- [THE PROBLEM]:
Would you please transcribe exactly the lines from the one containing "Автомобильное зарядное Baseus CCALL-DS01" through the end of the material below, and only those?

- [AVAILABLE DATA]:
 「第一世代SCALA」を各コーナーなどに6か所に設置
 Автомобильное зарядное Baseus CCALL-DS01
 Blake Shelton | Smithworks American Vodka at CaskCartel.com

- [RESULT]:
 Автомобильное зарядное Baseus CCALL-DS01
 Blake Shelton | Smithworks American Vodka at CaskCartel.com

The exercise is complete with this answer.